Was aber ist das Erfolgsrezept von Pippi Langstrumpf? Wie ist es möglich, dass eine Piratentochter, die mit einem gepunkteten Pferd, einem Äffchen und einer Truhe voller Goldmünzen in einem heruntergekommenen Haus lebt, mit schönen Prinzessinnen in Schlössern oder hartgesottenen Actionfiguren in Raketen und Raumschiffen mithalten kann? 

«Die Themen, die für Kinder wichtig sind, haben sich über die Jahre nicht verändert», erklärt es Inger Lison, eine Expertin für Kinder- und Jugendliteratur an der Universität Hannover, in einem Interview gegenüber dem Onlineportal «Kinderzeit». Wie bei anderen Kinderhelden gehe es auch bei Pippi um Freundschaft und um Mut, wobei sie ganz nebenbei auch noch das stärkste Mädchen der Welt ist. Welches Kind finde so etwas denn nicht toll?
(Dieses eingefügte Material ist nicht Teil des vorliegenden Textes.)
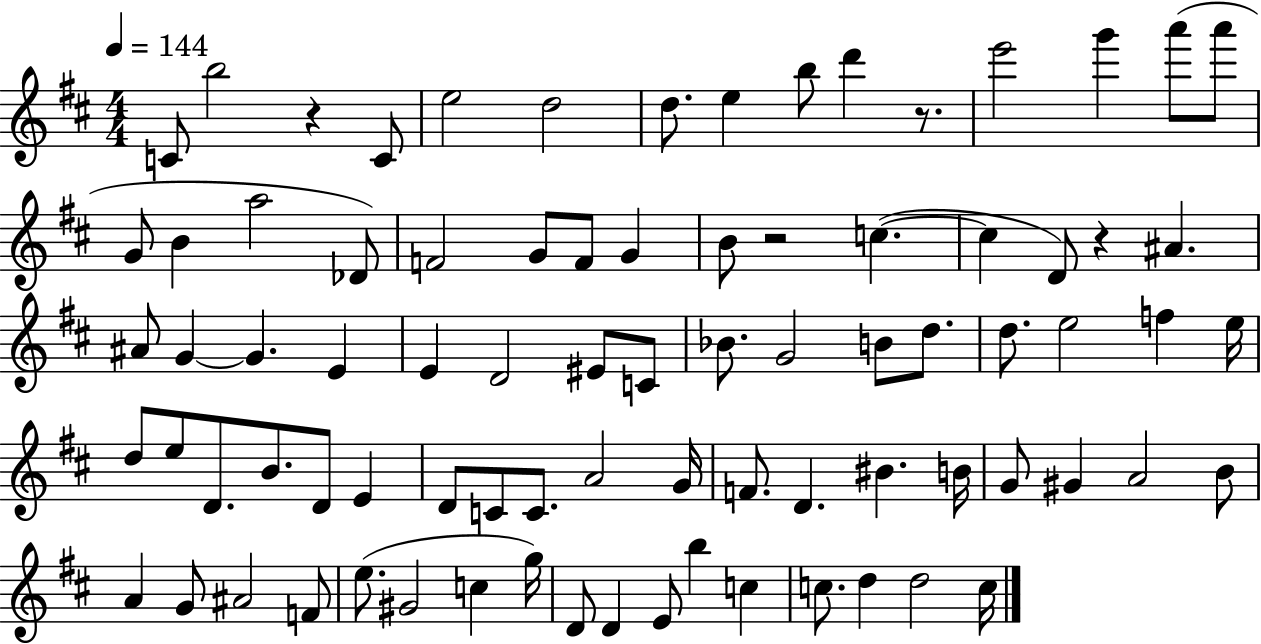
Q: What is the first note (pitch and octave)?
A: C4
Ähnlich wie die Lison sieht es auch Christine Lötscher, die an der Universität Zürich zu populärer Literatur und Medien forscht, und jüngst im «Tagblatt» über die Kinderbuchheldin Auskunft gab: «Pippi hat für jede Generation eine Message», ist die Professorin überzeugt. So seien die Kinder von heute oft einem gewissen Leistungsdruck ausgesetzt, demgegenüber Pippi eine befreiende Funktion übernehmen könne: «Sie führt Polizisten an der Nase herum und nervt Lehrerinnen, ohne Konsequenzen zu erfahren», erklärt Lötscher. Eine Unbeschwertheit, die die Kinder in ihrer eigenen Welt vielleicht nur selten erleben – und an der sie dank Pippi immerhin durchs Zusehen oder Zuhören teilhaben können.

Entgegen aller Regeln

Für die Kinder der Nachkriegszeit dürften es indes noch ganz andere Eigenschaften gewesen sein, die sie an Pippi begeisterten: Sie ist selbstständig und unerschrocken, lebt allein in der grossen Villa Kunterbunt und weiss sowohl böse Räuber als auch fiese Tanten zu vertreiben. Vor allem aber schert sie sich keinen Deut um irgendwelche gesellschaftlichen Regeln, lässt schmutziges Geschirr herumliegen, isst Süssigkeiten, wann immer ihr danach ist – alles Dinge, die man sich als Kind in dieser Zeit nur schwerlich vorstellen konnte. Insbesondere die Mädchen hatten brav und gehorsam zu sein. Pippi, die sich dem allem entgegenstellte, löste bei den Kindern entsprechend Begeisterung aus.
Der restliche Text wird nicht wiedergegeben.